Таблица 1: Список белков, идентифицированных в экстракте ткани митрального клапана при применении четырех различных протеомических подходов: двухмерный электрофорез (2-DE), двумерный LC-MS E (2D-LC / MS E ), LC / MS E и жидкофазный IEF. Сообщается о способе идентификации каждого белка.

Subscription Required. Please recommend JoVE to your librarian.

Discussion

or Start trial to access full content. Learn more about your institution’s access to JoVE content here

Одним из важных шагов этого протокола является использование жидкого азота для замораживания образца и охлаждения системы измельчителя. Использование жидкого азота предотвращает биологическую деградацию и позволяет эффективно напылять, но требует специальной подготовки для безопасного обращения.

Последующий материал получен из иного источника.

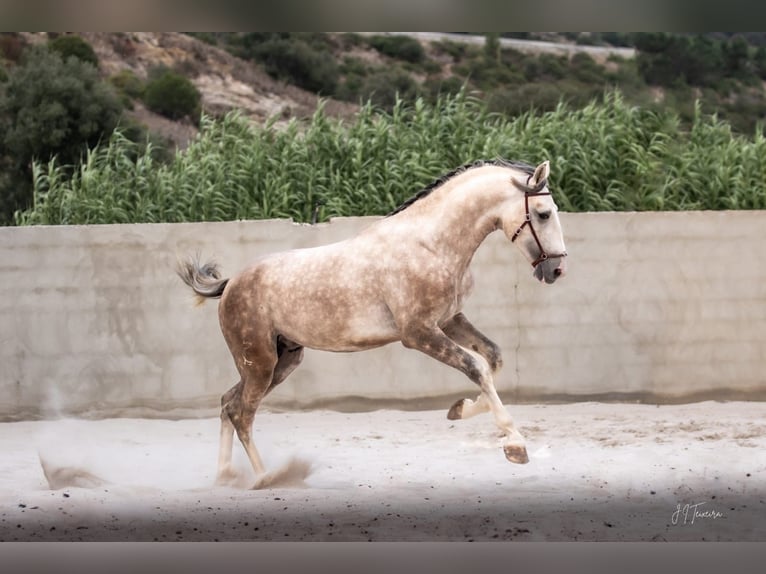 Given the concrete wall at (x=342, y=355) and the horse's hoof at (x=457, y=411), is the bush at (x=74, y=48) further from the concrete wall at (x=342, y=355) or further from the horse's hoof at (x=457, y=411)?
the horse's hoof at (x=457, y=411)

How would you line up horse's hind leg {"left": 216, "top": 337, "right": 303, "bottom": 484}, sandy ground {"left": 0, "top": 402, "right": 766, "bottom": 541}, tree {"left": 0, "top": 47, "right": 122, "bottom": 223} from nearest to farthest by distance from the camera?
sandy ground {"left": 0, "top": 402, "right": 766, "bottom": 541}, horse's hind leg {"left": 216, "top": 337, "right": 303, "bottom": 484}, tree {"left": 0, "top": 47, "right": 122, "bottom": 223}

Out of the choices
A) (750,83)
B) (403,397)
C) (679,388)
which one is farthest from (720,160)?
(403,397)

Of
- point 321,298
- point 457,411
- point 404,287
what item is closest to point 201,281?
point 321,298

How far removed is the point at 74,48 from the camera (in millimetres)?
8602

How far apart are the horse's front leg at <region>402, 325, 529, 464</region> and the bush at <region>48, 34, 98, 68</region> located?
4.63 meters

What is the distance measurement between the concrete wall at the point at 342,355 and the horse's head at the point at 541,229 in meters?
1.90

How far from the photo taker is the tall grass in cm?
745

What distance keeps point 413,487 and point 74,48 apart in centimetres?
479

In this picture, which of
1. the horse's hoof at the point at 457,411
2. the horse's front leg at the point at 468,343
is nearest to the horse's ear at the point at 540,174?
the horse's front leg at the point at 468,343

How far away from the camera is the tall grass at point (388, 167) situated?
745cm

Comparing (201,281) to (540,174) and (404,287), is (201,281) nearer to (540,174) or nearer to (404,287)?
(404,287)

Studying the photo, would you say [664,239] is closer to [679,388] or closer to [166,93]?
[679,388]

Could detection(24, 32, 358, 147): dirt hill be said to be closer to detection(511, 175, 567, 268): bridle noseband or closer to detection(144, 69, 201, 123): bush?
detection(144, 69, 201, 123): bush

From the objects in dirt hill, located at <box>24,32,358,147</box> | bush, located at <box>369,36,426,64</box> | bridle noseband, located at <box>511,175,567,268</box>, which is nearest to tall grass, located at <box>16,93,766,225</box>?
dirt hill, located at <box>24,32,358,147</box>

В этом протоколе представлена ​​система измельчителя для шлифования образцов, поскольку небольшие образцы трудно восстановить из стандартных растворов и пестиков. В этом случае небольшие образцы распространяются как мелкий порошок поверх поверхности раствора, что затрудняет сбор. Другим преимуществом является то, что измельчитель моторизирован, что позволяет обрабатывать большее количество образцов воспроизводимым образом и без дополнительной усталости. Одно ограничение на использование дробилки заключается в том, что размер образца, который должен быть небольшим (100 мг или менее) для пестика, эффективно прижиматься к ступке. Кроме того, компоненты шлифовального станка должны быть нагреты до комнатной температуры между использованием для очистки г. Следовательно, процедура занимает много времени, и, если многие образцы обрабатываются ежедневно, требуется множество наборов.

Дополнительным критическим шагом является подготовка экстракционного буфера. Концентрации соли, особенно для мочевины (8 М) и тиомочевины (2 М), довольно высоки; Таким образом, объем соли составляет почти половину общего объема раствора. Кроме того, растворение нелегко, учитывая, что необходимо избегать тепла, поскольку при температуре выше 37 ° C мочевина может приводить к карбамилированию белков на N концах белков / пептидов и в аминогруппах боковой цепи лизиновых и аргининовых остатков 17 , После растворения буфер мочевины должен быть отфильтрован фильтрами 0,22 мкм и может храниться при -80 ° C в течение 4 недель, не влияя на его эффективность экстракции, но перед использованием его необходимо нагревать до более чем 15 ° C, чтобы обеспечить полное растворение ,

Модификации и устранение неполадок

В этом протоколе экстракция белка выполняется с использованием описанного буфера мочевины, потому что он является одним из наиболее часто используемых растворов для экстракции белков для протеомических исследований из-за его совместимости с изоэлектрофокусировкой и его эффективности при солюбилизации малорастворимых белков 18 . Продемонстрировал, что этот буфер может очень эффективно солюбилизировать малорастворимые белки, такие как интегральные мембранные белки 19 , или белки, которые сильно подвержены агрегации, такие как тубулин 18. Кроме того, этот буфер полностью совместим с анализом Брэдфорда для определения концентрации белка и Его можно использовать непосредственно в анализах 2-DE и жидкофазном IEF.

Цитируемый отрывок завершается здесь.